Required work
Should the listing contain images, exclude them; give the rest again exactly.

Given data

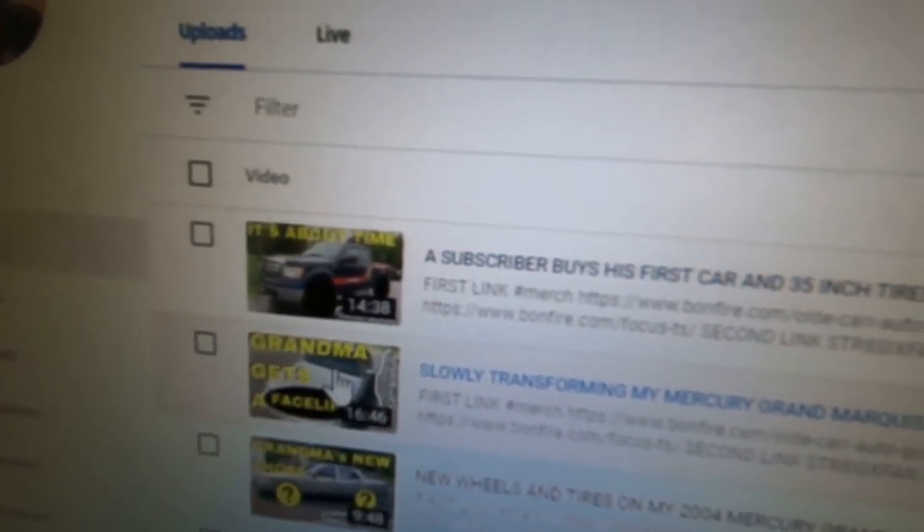If you don't follow me on Instagram, it's at Old Car Auto Guy — we talk about behind-the-scenes content, contests, and things we're doing on the channel. I mentioned in last Saturday's upload, where we painted the grill on grandma and did the headlight restoration, that I've got a spare headlight restoration kit to give away. We're going to do that draw right now using TubeBuddy, which allows me to pick a winner from the comments on a specific video.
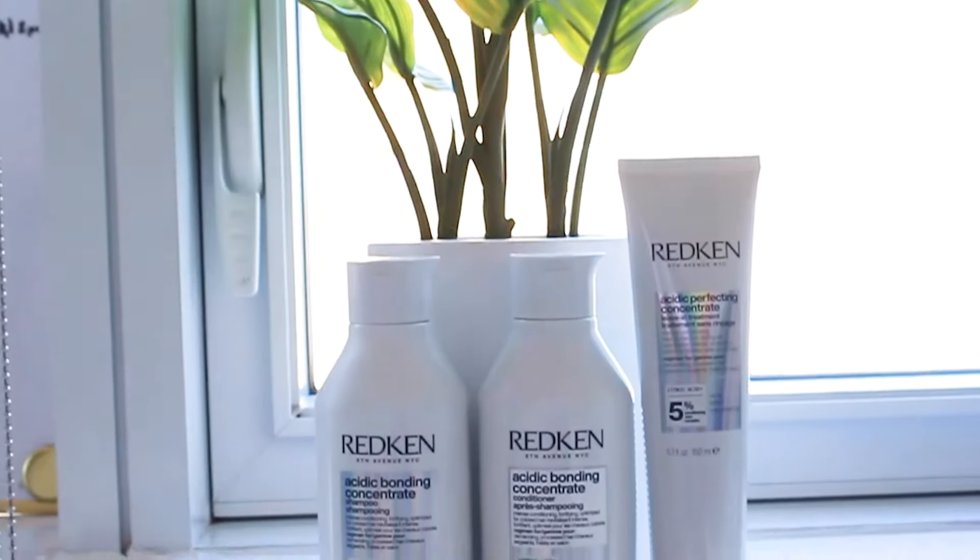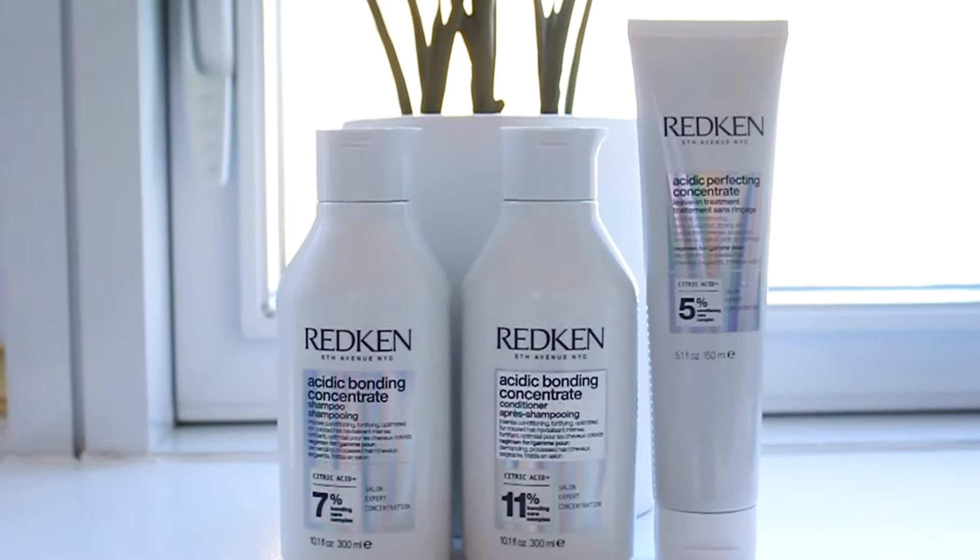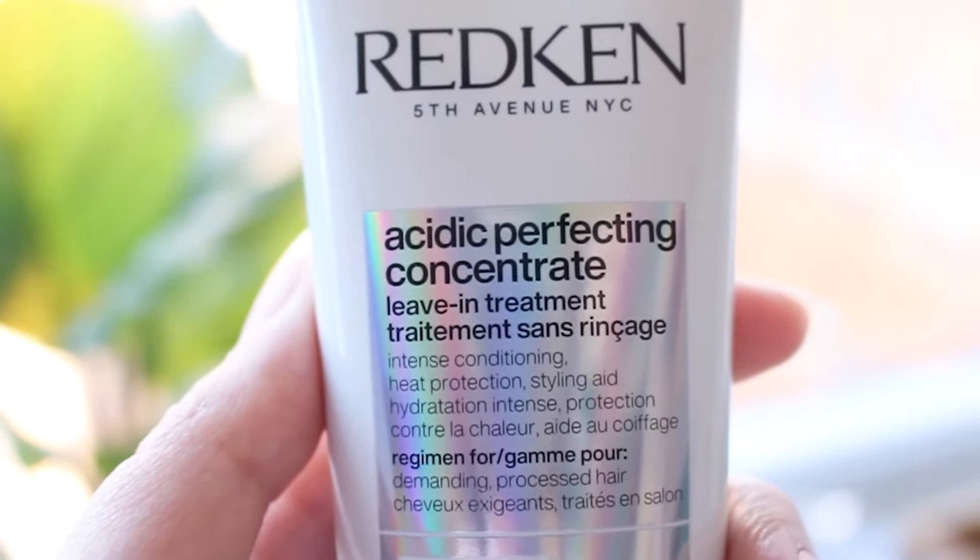I love leave-in treatments especially because after shampooing and conditioning my hair, I don't really have to do much. I can just put this leave-in treatment and I'm good to go for the rest of the day. I also love this leave-in treatment because it protects your hair from up to 450 degrees Fahrenheit of heat.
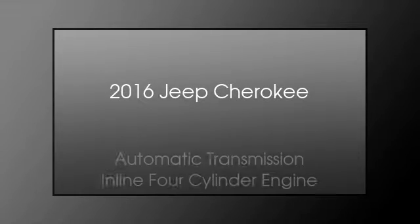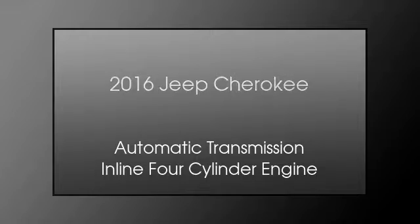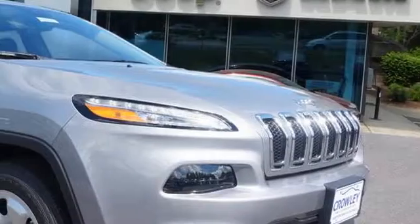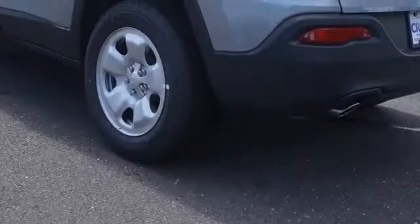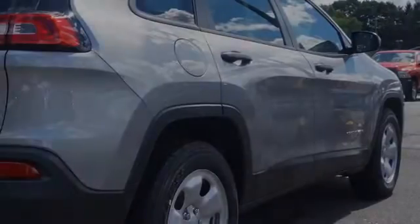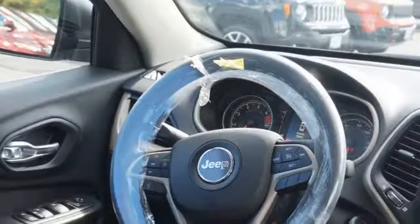This is a 2016 Jeep Cherokee. This SUV has an automatic transmission and an inline four-cylinder engine. The following features are included: traction control and stability control systems, cargo tie downs, body side reinforcements, and an anti-lock braking system.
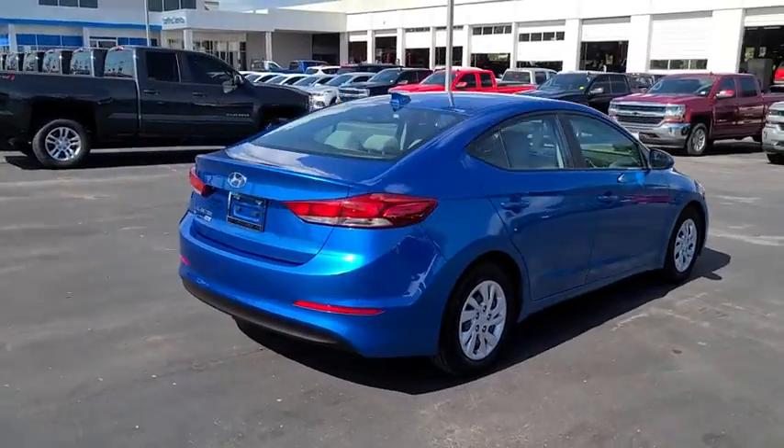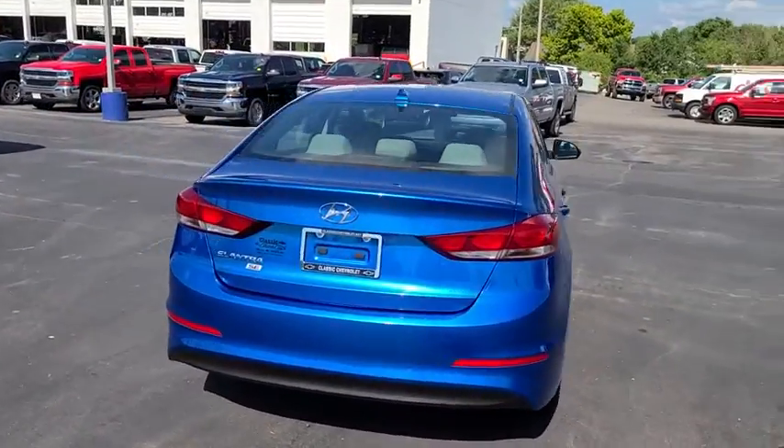This vehicle has less than 70,000 miles. Here are some of this vehicle's great options.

Solved exercise
If you don't follow me on Instagram, it's at Old Car Auto Guy — we talk about behind-the-scenes content, contests, and things we're doing on the channel. I mentioned in last Saturday's upload, where we painted the grill on grandma and did the headlight restoration, that I've got a spare headlight restoration kit to give away. We're going to do that draw right now using TubeBuddy, which allows me to pick a winner from the comments on a specific video.
I love leave-in treatments especially because after shampooing and conditioning my hair, I don't really have to do much. I can just put this leave-in treatment and I'm good to go for the rest of the day. I also love this leave-in treatment because it protects your hair from up to 450 degrees Fahrenheit of heat.
This is a 2016 Jeep Cherokee. This SUV has an automatic transmission and an inline four-cylinder engine. The following features are included: traction control and stability control systems, cargo tie downs, body side reinforcements, and an anti-lock braking system.
This vehicle has less than 70,000 miles. Here are some of this vehicle's great options.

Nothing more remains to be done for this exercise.